WORK REQUEST:
Wherever the word "Preview" turns up in a line of the entries, copy that line.

Caption-style text data
┏━━
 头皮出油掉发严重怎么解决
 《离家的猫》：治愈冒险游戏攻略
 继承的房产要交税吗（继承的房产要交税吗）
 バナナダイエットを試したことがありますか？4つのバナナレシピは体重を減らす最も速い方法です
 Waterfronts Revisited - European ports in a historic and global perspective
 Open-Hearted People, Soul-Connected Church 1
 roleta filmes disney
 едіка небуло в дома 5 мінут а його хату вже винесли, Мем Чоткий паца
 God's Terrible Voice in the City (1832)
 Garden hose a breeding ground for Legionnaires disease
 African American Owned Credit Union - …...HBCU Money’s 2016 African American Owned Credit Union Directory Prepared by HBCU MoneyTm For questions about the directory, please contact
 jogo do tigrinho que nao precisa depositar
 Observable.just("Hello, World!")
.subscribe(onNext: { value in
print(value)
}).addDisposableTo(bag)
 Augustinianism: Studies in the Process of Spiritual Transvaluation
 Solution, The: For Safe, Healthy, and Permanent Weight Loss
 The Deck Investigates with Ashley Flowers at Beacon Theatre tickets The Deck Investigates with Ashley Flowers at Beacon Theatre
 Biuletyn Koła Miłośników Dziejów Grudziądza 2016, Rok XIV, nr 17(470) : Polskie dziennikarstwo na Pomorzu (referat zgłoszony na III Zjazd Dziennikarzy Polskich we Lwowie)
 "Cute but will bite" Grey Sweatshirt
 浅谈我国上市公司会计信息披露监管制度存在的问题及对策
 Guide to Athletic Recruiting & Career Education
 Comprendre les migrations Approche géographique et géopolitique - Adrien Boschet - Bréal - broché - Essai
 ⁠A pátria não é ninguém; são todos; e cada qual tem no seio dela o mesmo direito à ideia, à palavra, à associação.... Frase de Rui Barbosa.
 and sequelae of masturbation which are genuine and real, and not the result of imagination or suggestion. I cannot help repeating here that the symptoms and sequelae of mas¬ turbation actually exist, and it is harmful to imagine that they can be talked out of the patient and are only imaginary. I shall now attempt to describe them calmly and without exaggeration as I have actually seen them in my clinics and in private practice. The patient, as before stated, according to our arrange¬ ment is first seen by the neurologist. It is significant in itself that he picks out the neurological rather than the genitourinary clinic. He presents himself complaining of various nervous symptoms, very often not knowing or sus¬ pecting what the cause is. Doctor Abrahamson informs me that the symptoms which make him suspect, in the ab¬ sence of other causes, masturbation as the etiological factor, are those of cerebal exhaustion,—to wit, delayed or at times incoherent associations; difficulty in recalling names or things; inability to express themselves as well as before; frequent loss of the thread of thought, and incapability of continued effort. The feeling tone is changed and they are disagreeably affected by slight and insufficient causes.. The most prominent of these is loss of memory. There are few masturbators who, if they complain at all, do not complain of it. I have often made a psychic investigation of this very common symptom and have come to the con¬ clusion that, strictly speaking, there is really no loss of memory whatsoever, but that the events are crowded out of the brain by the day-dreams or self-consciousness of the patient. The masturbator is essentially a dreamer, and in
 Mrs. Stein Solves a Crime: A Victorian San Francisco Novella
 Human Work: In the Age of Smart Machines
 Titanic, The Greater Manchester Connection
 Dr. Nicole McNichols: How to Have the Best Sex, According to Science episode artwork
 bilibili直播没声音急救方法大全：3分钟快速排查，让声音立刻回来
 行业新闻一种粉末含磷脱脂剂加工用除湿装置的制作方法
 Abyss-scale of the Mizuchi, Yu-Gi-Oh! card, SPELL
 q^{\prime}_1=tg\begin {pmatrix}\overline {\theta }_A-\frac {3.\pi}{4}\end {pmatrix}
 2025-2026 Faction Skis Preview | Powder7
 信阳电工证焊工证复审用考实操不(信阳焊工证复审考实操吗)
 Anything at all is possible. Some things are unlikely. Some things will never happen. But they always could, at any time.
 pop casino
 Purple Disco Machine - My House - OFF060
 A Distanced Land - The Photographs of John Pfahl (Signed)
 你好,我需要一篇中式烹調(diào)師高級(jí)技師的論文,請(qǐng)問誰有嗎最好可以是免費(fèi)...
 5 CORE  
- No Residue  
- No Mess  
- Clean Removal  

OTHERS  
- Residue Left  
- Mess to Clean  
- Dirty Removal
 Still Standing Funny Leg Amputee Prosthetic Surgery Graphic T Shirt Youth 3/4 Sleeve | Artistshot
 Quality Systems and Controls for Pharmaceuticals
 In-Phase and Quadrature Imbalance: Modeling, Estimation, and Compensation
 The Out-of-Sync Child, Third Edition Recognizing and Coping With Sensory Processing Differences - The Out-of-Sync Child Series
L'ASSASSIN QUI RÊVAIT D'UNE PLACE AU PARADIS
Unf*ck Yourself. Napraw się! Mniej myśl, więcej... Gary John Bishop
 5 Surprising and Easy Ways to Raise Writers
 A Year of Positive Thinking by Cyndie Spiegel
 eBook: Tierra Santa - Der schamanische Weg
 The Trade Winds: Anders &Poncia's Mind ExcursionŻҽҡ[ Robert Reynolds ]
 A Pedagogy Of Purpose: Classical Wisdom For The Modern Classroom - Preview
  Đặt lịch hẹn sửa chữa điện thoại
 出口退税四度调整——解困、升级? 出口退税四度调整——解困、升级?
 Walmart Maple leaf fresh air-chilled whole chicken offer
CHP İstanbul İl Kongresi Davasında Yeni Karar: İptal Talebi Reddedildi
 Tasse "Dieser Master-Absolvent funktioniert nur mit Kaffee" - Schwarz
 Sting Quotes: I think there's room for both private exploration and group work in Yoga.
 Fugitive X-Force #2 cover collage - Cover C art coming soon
┗━━
ANSWER FOR THIS EXERCISE:
 2025-2026 Faction Skis Preview | Powder7
 A Pedagogy Of Purpose: Classical Wisdom For The Modern Classroom - Preview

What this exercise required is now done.